Soriot is being polite. What he means is this policy is bonkers. And misguided. What better way to ‘level up’ in the North West than build a new plant creating hundreds of low and high-skilled jobs?
Any other country would be offering Soriot multi-millions in subsidies to build his factory.
It is worth reminding Hunt that he lobbied for corporation tax to be slashed to 15pc when pitching to be Prime Minister last year.
This is what he said: ‘We need to start up Britain now. To send a signal the UK is the most pro-business economy in the world.’
What hypocrisy. The only explanation for not reversing the hike is that Sunak and Hunt are terrified that even the whiff of a tax cut will trigger another Truss-style bloodbath in the bond markets, as seen last autumn.
Yet the situation today is utterly different. We have narrowly avoided recession, interest rates may well be close to peaking and inflation is coming down.
They have a month and a day to wake up and smell the coffee.
High Flying
Arriving back at Heathrow Airport on Sunday night from Barcelona was surprisingly pleasant on just about every count.
It was my first overseas trip since lockdown, the first time I have flown with British Airways (brilliant service) for donkey’s years and the first time landing at Terminal 5.
There was only the tiniest of queues for the non-EU passport control, so no one had the chance to rage or tweet about Brexit.

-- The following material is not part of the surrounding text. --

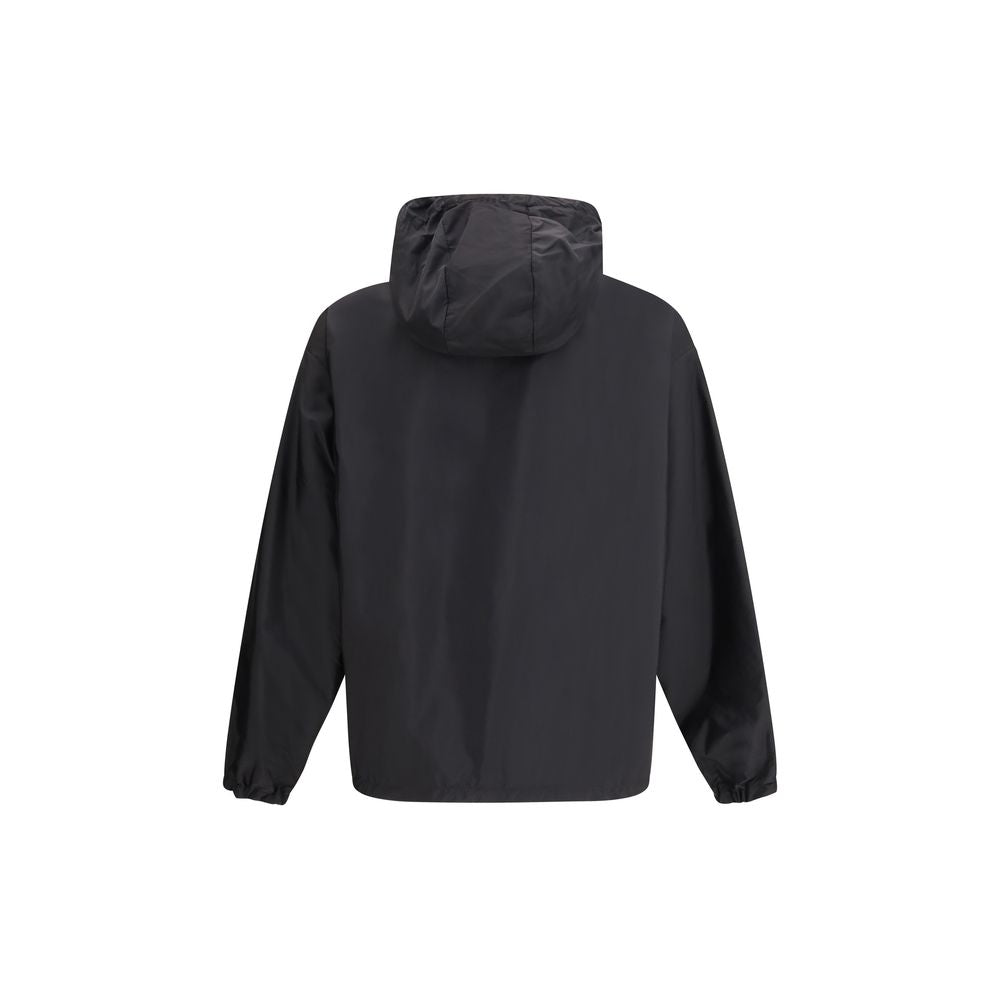 Prada Black Recycled Polyamide Shell Jacket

Staff were on hand to help, directing people to baggage reclaim, while more were outside the exits guiding travellers to the Heathrow Express and the new Elizabeth Line (magnificent feat of engineering).

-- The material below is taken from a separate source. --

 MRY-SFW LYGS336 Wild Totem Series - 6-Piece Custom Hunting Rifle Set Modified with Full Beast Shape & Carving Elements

And it’s fast, traversing London from Heathrow to Liverpool Street station took less than an hour.
What a change not to moan about the state of Blighty. When we build these big projects, we do them brilliantly. Just need more of them.
No wonder Heathrow reports one of the busiest starts to the year since 2020 with more than 5.4m passengers travelling in January. John Holland-Kaye, the outgoing chief executive, is right, saying the airport is back to its best.
Even his claim that 98 per cent of travellers waiting less than ten minutes to pass security last month is believable.
Interesting too that the most popular destination last month was the EU with 1.6m passengers. Those queues don’t seem to have put anyone off travelling to the continent after all.
Holland-Kaye, who was much criticised during the lockdowns, is leaving on a high. The much-maligned BA isn’t doing too badly either. Only the third runway to sort out now.
Give it some welly
Hunter Boot has changed hands more times than most of us buy wellies in a lifetime.
Yet Hunter is doing so nicely that its private-equity owners are looking for new financing ahead of a sale.
Let’s hope that Hunter now finds a British owner suited to its royal warrant. One for Next?